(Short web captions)
★ ★ ★ ★ ★

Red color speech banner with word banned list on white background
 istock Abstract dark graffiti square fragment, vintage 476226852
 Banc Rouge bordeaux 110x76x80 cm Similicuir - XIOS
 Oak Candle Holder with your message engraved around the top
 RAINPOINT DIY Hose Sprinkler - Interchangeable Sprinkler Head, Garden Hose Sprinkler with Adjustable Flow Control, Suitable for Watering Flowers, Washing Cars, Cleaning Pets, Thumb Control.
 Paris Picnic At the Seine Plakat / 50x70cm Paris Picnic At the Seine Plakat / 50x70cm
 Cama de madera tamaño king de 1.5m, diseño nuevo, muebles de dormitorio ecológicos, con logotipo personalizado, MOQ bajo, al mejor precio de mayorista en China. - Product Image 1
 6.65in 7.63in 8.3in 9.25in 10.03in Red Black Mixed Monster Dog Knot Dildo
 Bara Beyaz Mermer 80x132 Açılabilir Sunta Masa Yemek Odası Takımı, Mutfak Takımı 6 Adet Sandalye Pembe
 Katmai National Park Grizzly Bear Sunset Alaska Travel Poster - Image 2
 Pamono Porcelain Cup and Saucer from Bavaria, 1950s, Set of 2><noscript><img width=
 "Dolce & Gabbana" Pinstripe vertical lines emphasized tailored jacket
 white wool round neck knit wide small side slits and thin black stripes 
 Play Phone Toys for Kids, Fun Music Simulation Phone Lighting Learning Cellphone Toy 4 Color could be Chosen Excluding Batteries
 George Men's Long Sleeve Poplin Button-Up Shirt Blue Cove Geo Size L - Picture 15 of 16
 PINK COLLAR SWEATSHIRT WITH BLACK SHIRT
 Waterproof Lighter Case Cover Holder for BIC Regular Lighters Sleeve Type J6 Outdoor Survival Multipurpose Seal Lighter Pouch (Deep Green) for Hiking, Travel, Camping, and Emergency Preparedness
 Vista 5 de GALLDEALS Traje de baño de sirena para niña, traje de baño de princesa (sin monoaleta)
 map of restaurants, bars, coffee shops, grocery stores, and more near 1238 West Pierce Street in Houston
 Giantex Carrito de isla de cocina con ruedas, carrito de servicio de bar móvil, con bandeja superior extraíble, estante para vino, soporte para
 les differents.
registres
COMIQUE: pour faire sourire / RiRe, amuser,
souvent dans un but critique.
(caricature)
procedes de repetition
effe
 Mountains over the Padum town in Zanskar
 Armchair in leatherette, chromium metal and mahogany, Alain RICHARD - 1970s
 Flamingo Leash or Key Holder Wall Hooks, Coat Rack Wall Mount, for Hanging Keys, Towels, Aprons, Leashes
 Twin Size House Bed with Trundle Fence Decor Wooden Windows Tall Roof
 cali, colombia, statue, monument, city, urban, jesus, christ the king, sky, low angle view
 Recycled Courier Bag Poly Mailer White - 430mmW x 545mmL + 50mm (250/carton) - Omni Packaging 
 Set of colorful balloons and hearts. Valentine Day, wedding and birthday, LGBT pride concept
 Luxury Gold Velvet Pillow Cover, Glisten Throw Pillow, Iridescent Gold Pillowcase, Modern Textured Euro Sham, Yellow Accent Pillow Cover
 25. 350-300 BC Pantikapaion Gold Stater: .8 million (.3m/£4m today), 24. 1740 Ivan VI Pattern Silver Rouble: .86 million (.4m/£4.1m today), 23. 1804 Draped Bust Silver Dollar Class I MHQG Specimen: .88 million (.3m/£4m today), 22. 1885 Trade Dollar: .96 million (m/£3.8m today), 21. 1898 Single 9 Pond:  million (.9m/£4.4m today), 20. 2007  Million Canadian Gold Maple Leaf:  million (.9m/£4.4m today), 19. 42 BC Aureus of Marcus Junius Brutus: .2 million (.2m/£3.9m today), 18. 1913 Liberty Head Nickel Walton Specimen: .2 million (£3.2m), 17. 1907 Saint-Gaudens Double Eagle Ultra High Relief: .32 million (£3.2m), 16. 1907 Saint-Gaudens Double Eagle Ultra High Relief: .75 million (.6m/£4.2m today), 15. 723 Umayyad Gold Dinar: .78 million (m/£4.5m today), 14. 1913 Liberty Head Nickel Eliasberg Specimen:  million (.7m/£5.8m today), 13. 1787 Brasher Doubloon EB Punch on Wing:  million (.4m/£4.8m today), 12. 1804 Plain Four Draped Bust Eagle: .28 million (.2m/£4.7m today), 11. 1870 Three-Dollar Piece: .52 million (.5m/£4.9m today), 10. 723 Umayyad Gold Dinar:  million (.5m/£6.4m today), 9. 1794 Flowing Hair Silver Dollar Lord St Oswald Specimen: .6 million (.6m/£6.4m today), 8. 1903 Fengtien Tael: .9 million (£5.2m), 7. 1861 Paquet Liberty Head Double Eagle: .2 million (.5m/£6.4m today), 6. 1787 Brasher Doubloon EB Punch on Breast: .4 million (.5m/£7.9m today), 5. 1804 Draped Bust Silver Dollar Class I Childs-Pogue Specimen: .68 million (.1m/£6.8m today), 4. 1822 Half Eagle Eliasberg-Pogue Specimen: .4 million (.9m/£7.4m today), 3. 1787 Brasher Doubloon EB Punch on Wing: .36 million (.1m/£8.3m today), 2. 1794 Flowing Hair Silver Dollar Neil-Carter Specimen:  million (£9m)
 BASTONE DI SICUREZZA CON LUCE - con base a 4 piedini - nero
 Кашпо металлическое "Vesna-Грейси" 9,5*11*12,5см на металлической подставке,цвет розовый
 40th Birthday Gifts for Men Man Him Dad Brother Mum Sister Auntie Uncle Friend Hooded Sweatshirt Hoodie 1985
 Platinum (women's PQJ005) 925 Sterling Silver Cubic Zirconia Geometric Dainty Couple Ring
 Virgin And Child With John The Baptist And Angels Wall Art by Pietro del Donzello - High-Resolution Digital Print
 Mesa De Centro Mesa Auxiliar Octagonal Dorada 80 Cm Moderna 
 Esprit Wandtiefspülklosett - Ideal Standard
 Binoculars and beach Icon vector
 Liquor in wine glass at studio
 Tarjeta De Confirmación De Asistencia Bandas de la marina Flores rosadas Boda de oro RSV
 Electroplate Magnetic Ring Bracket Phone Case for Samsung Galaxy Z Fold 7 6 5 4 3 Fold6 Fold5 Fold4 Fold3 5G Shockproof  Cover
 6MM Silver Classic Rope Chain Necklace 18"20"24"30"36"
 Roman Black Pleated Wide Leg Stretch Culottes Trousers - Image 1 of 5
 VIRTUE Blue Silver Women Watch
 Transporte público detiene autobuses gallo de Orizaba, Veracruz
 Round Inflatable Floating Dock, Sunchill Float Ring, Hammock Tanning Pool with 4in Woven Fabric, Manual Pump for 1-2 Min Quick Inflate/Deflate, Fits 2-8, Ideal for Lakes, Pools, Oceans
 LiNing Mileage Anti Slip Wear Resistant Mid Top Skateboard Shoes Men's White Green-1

★ ★ ★ ★ ★

▸ Work task
The data above needs retyping. Reproduce each line exactly.

▸ Exercise output
Red color speech banner with word banned list on white background
 istock Abstract dark graffiti square fragment, vintage 476226852
 Banc Rouge bordeaux 110x76x80 cm Similicuir - XIOS
 Oak Candle Holder with your message engraved around the top
 RAINPOINT DIY Hose Sprinkler - Interchangeable Sprinkler Head, Garden Hose Sprinkler with Adjustable Flow Control, Suitable for Watering Flowers, Washing Cars, Cleaning Pets, Thumb Control.
 Paris Picnic At the Seine Plakat / 50x70cm Paris Picnic At the Seine Plakat / 50x70cm
 Cama de madera tamaño king de 1.5m, diseño nuevo, muebles de dormitorio ecológicos, con logotipo personalizado, MOQ bajo, al mejor precio de mayorista en China. - Product Image 1
 6.65in 7.63in 8.3in 9.25in 10.03in Red Black Mixed Monster Dog Knot Dildo
 Bara Beyaz Mermer 80x132 Açılabilir Sunta Masa Yemek Odası Takımı, Mutfak Takımı 6 Adet Sandalye Pembe
 Katmai National Park Grizzly Bear Sunset Alaska Travel Poster - Image 2
 Pamono Porcelain Cup and Saucer from Bavaria, 1950s, Set of 2><noscript><img width=
 "Dolce & Gabbana" Pinstripe vertical lines emphasized tailored jacket
 white wool round neck knit wide small side slits and thin black stripes 
 Play Phone Toys for Kids, Fun Music Simulation Phone Lighting Learning Cellphone Toy 4 Color could be Chosen Excluding Batteries
 George Men's Long Sleeve Poplin Button-Up Shirt Blue Cove Geo Size L - Picture 15 of 16
 PINK COLLAR SWEATSHIRT WITH BLACK SHIRT
 Waterproof Lighter Case Cover Holder for BIC Regular Lighters Sleeve Type J6 Outdoor Survival Multipurpose Seal Lighter Pouch (Deep Green) for Hiking, Travel, Camping, and Emergency Preparedness
 Vista 5 de GALLDEALS Traje de baño de sirena para niña, traje de baño de princesa (sin monoaleta)
 map of restaurants, bars, coffee shops, grocery stores, and more near 1238 West Pierce Street in Houston
 Giantex Carrito de isla de cocina con ruedas, carrito de servicio de bar móvil, con bandeja superior extraíble, estante para vino, soporte para
 les differents.
registres
COMIQUE: pour faire sourire / RiRe, amuser,
souvent dans un but critique.
(caricature)
procedes de repetition
effe
 Mountains over the Padum town in Zanskar
 Armchair in leatherette, chromium metal and mahogany, Alain RICHARD - 1970s
 Flamingo Leash or Key Holder Wall Hooks, Coat Rack Wall Mount, for Hanging Keys, Towels, Aprons, Leashes
 Twin Size House Bed with Trundle Fence Decor Wooden Windows Tall Roof
 cali, colombia, statue, monument, city, urban, jesus, christ the king, sky, low angle view
 Recycled Courier Bag Poly Mailer White - 430mmW x 545mmL + 50mm (250/carton) - Omni Packaging 
 Set of colorful balloons and hearts. Valentine Day, wedding and birthday, LGBT pride concept
 Luxury Gold Velvet Pillow Cover, Glisten Throw Pillow, Iridescent Gold Pillowcase, Modern Textured Euro Sham, Yellow Accent Pillow Cover
 25. 350-300 BC Pantikapaion Gold Stater: .8 million (.3m/£4m today), 24. 1740 Ivan VI Pattern Silver Rouble: .86 million (.4m/£4.1m today), 23. 1804 Draped Bust Silver Dollar Class I MHQG Specimen: .88 million (.3m/£4m today), 22. 1885 Trade Dollar: .96 million (m/£3.8m today), 21. 1898 Single 9 Pond:  million (.9m/£4.4m today), 20. 2007  Million Canadian Gold Maple Leaf:  million (.9m/£4.4m today), 19. 42 BC Aureus of Marcus Junius Brutus: .2 million (.2m/£3.9m today), 18. 1913 Liberty Head Nickel Walton Specimen: .2 million (£3.2m), 17. 1907 Saint-Gaudens Double Eagle Ultra High Relief: .32 million (£3.2m), 16. 1907 Saint-Gaudens Double Eagle Ultra High Relief: .75 million (.6m/£4.2m today), 15. 723 Umayyad Gold Dinar: .78 million (m/£4.5m today), 14. 1913 Liberty Head Nickel Eliasberg Specimen:  million (.7m/£5.8m today), 13. 1787 Brasher Doubloon EB Punch on Wing:  million (.4m/£4.8m today), 12. 1804 Plain Four Draped Bust Eagle: .28 million (.2m/£4.7m today), 11. 1870 Three-Dollar Piece: .52 million (.5m/£4.9m today), 10. 723 Umayyad Gold Dinar:  million (.5m/£6.4m today), 9. 1794 Flowing Hair Silver Dollar Lord St Oswald Specimen: .6 million (.6m/£6.4m today), 8. 1903 Fengtien Tael: .9 million (£5.2m), 7. 1861 Paquet Liberty Head Double Eagle: .2 million (.5m/£6.4m today), 6. 1787 Brasher Doubloon EB Punch on Breast: .4 million (.5m/£7.9m today), 5. 1804 Draped Bust Silver Dollar Class I Childs-Pogue Specimen: .68 million (.1m/£6.8m today), 4. 1822 Half Eagle Eliasberg-Pogue Specimen: .4 million (.9m/£7.4m today), 3. 1787 Brasher Doubloon EB Punch on Wing: .36 million (.1m/£8.3m today), 2. 1794 Flowing Hair Silver Dollar Neil-Carter Specimen:  million (£9m)
 BASTONE DI SICUREZZA CON LUCE - con base a 4 piedini - nero
 Кашпо металлическое "Vesna-Грейси" 9,5*11*12,5см на металлической подставке,цвет розовый
 40th Birthday Gifts for Men Man Him Dad Brother Mum Sister Auntie Uncle Friend Hooded Sweatshirt Hoodie 1985
 Platinum (women's PQJ005) 925 Sterling Silver Cubic Zirconia Geometric Dainty Couple Ring
 Virgin And Child With John The Baptist And Angels Wall Art by Pietro del Donzello - High-Resolution Digital Print
 Mesa De Centro Mesa Auxiliar Octagonal Dorada 80 Cm Moderna 
 Esprit Wandtiefspülklosett - Ideal Standard
 Binoculars and beach Icon vector
 Liquor in wine glass at studio
 Tarjeta De Confirmación De Asistencia Bandas de la marina Flores rosadas Boda de oro RSV
 Electroplate Magnetic Ring Bracket Phone Case for Samsung Galaxy Z Fold 7 6 5 4 3 Fold6 Fold5 Fold4 Fold3 5G Shockproof  Cover
 6MM Silver Classic Rope Chain Necklace 18"20"24"30"36"
 Roman Black Pleated Wide Leg Stretch Culottes Trousers - Image 1 of 5
 VIRTUE Blue Silver Women Watch
 Transporte público detiene autobuses gallo de Orizaba, Veracruz
 Round Inflatable Floating Dock, Sunchill Float Ring, Hammock Tanning Pool with 4in Woven Fabric, Manual Pump for 1-2 Min Quick Inflate/Deflate, Fits 2-8, Ideal for Lakes, Pools, Oceans
 LiNing Mileage Anti Slip Wear Resistant Mid Top Skateboard Shoes Men's White Green-1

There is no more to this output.